(GIVEN RECORDS Opens)

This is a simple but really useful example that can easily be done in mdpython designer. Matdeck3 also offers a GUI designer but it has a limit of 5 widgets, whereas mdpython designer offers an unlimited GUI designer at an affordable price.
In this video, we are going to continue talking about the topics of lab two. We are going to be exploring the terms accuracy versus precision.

(GIVEN RECORDS Closes)
(GIVEN RECORDS Opens)

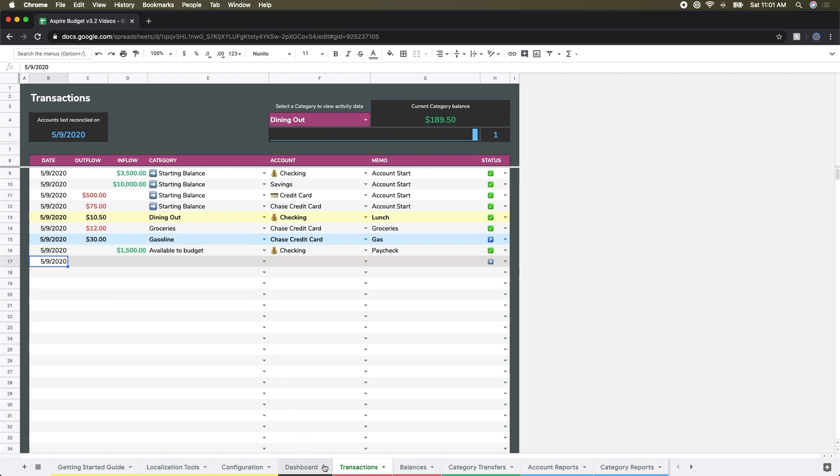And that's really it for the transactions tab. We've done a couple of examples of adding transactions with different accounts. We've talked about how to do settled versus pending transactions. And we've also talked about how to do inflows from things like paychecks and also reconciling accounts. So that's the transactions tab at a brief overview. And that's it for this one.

(GIVEN RECORDS Closes)

(YOUR GOAL): From the data above, output exactly the lines between the one containing "This is a simple" and the one containing "In this video, we", counting both of them.

(EXERCISE ANSWER):
This is a simple but really useful example that can easily be done in mdpython designer. Matdeck3 also offers a GUI designer but it has a limit of 5 widgets, whereas mdpython designer offers an unlimited GUI designer at an affordable price.
In this video, we are going to continue talking about the topics of lab two. We are going to be exploring the terms accuracy versus precision.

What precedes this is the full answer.